In particular, I often have an early continue in loops.
E.g. instead of:

for(size_t index = 0; index < size; ++index)
{
  auto & enemy = enemies[index];

  if(enemy.isAlive())
  {
    // Do enemy logic
  }
}

I’d prefer:

for(size_t index = 0; index < size; ++index)
{
  auto & enemy = enemies[index];

  // I.e. dead enemies are ignored
  // Any code following this can assume that only alive enemies are handled
  if(!enemy.isAlive())
    continue;

    // Do enemy logic
}

I find it better to specify what’s ignored rather than what’s included.
Process of elimination rather than process of inclusion.

That said, I disagree that switch statements are less readable.
I prefer them over if statements because they’re less surprising and generally better for expressing state machines.
(And can result in better code optimisation.)

Every case is always equivalent to an ==, but the same is not true of every if condition - you could encounter a long chain of == and then suddenly hit a != and if you’re not careful you could miss that.

I can’t think of many realistic scenarios where someone might attempt that.
If they did I’d probably frown at them.

Here’s a more realistic example of early exiting, taken from my short-lived attempt at writing a new String alternative following the wifi thread:

AltString::AltString(const __FlashStringHelper * progmemString)
{
	if(progmemString == nullptr)
	{
		this->invalidate();
		return;
	}

	const size_t size = (strlen_P(reinterpret_cast<const char *>(progmemString)) + 1);

	this->buffer = new char[size],
	this->capacity = size,
	this->length = (size - 1);

	memcpy_P(this->buffer, progmemString, size);
}

Where invalidate is:

void AltString::invalidate()
{
	delete[] this->buffer;

	this->buffer = nullptr;
	this->capacity = 0;
	this->length = 0;
}

Identify the erroneous/unique circumstances, then exit early.

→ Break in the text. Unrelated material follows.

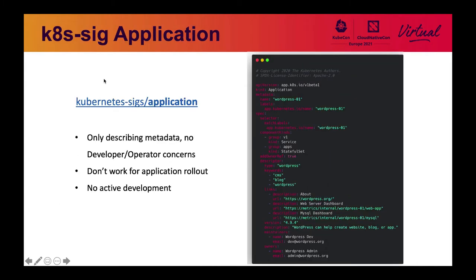A few projects have been trying to solve these problems. One is called Application CRD from the Kubernetes SIG. While it's the earliest upstream effort, it doesn't resolve any developer or operator concerns other than providing basic metadata. It doesn't work for application rollout, and there isn't any active development on it as far as I can see.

Ideally it shouldn’t make a difference, but the order in which a compiler encounters code constructs can affect which optimisations it chooses.
Part of that is because of the possibility of fallthrough and crossed initialisation.

If fallthrough weren’t possible and each case were considered a separate scope then the compiler could (probably) truly pretend that the order didn’t matter and it would (probably) be more likely that order wouldn’t make a difference.

(If I were designing a programming language, I would probably do away with fallthrough and make each case a seperate block for precisely that reason.
At the very least I would make no fallthrough the default and require fallthrough to be marked explicitly.)

I wouldn’t call it genius, I’d call it evil.
(The fact the code is written in pre-ANSI C is a big hint that it comes from the dark ages. :P)

I’ll concede that much.
Yet more proof for the point that switch permits better compiler optimisation.
(Most of the time anyway.)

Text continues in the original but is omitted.